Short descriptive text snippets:
▼

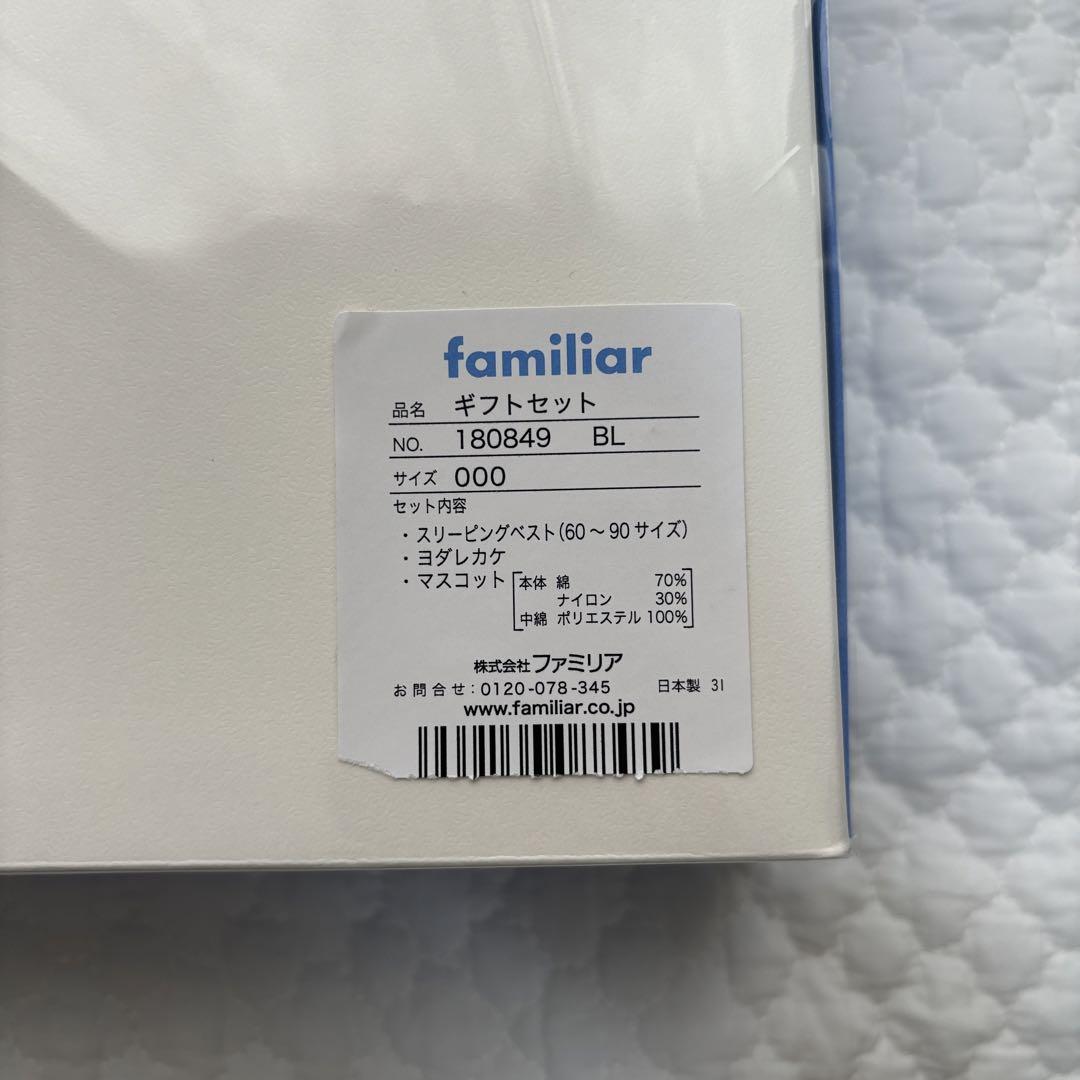 新品未使用　familiar　ファミリア　ギフト　スリーピングベスト　ヨダレカケ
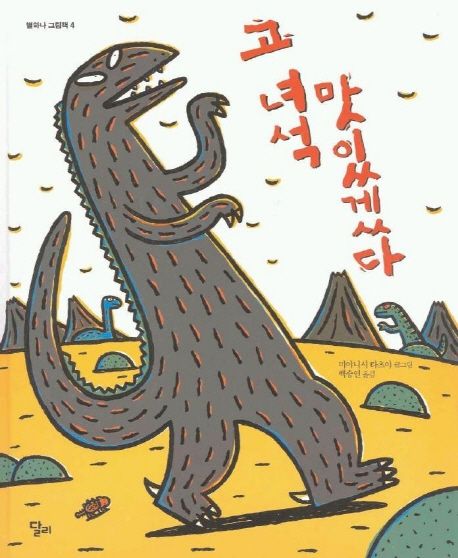 고 녀석 맛있겠다 (별하나 그림책 4,고 녀석 맛있겠다 시리즈 1)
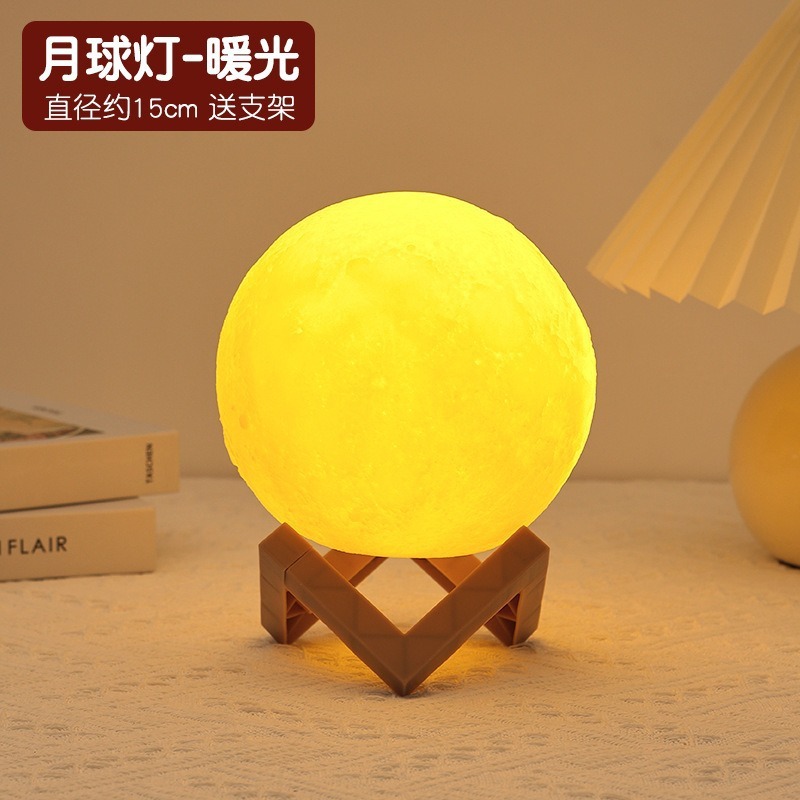中秋节打包月亮灯笼儿童diy手工材料包手提发光月球灯小夜灯礼物|undefined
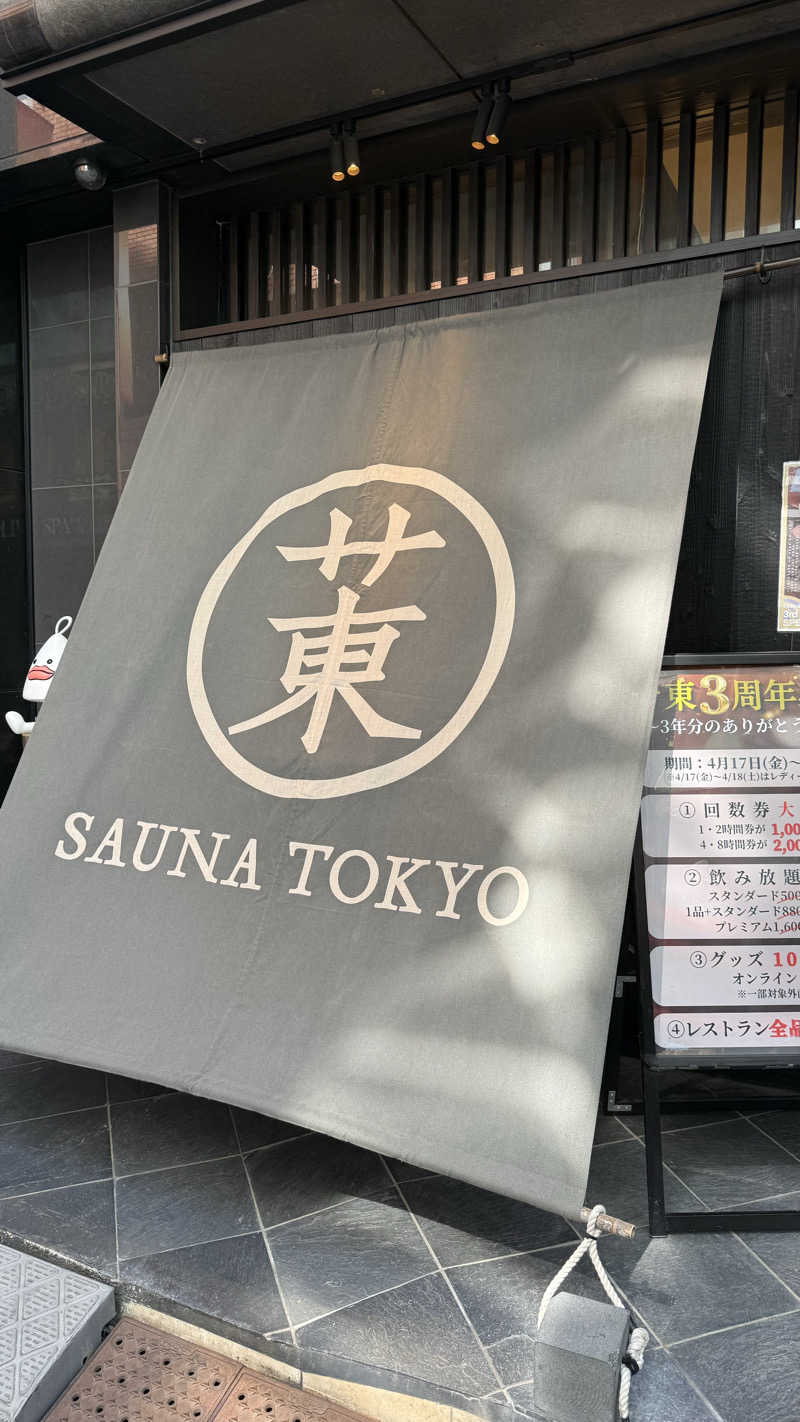 るるまろさんのサウナ東京 (Sauna Tokyo)のサ活写真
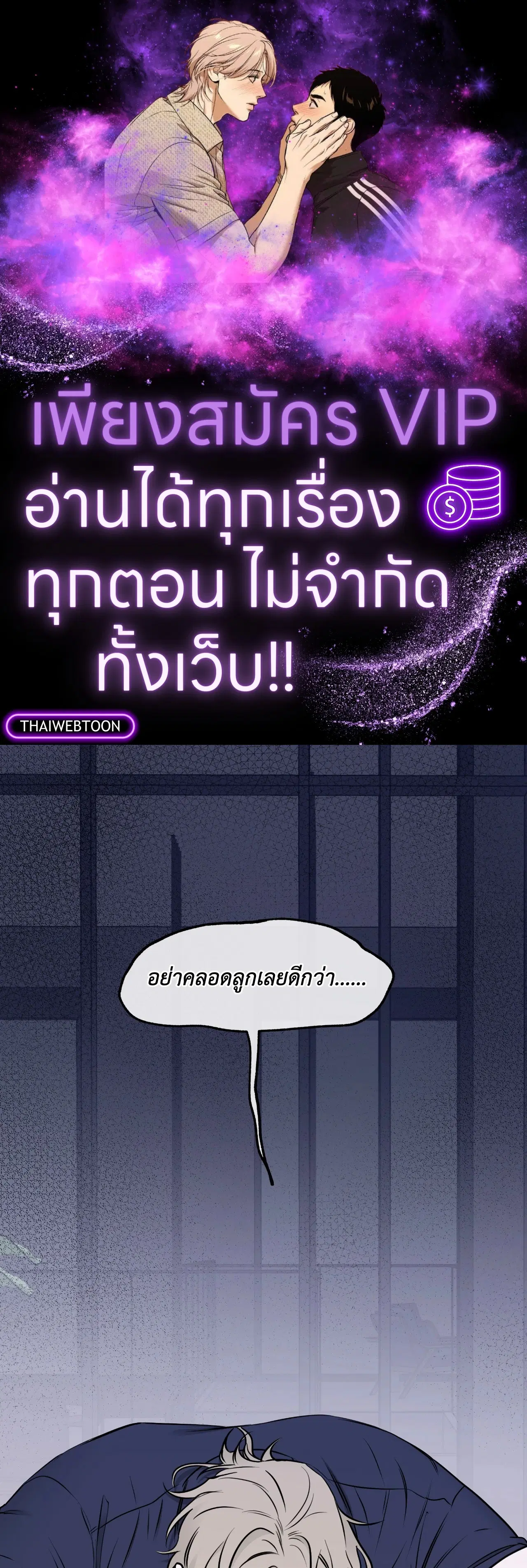 Low Tide in Twilight ตอนที่ 106 หน้า 1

▲

# What the exercise asks
Leave the images out and transcribe the remaining data above word for word.

# Output below
 新品未使用　familiar　ファミリア　ギフト　スリーピングベスト　ヨダレカケ
 고 녀석 맛있겠다 (별하나 그림책 4,고 녀석 맛있겠다 시리즈 1)
中秋节打包月亮灯笼儿童diy手工材料包手提发光月球灯小夜灯礼物|undefined
 るるまろさんのサウナ東京 (Sauna Tokyo)のサ活写真
 Low Tide in Twilight ตอนที่ 106 หน้า 1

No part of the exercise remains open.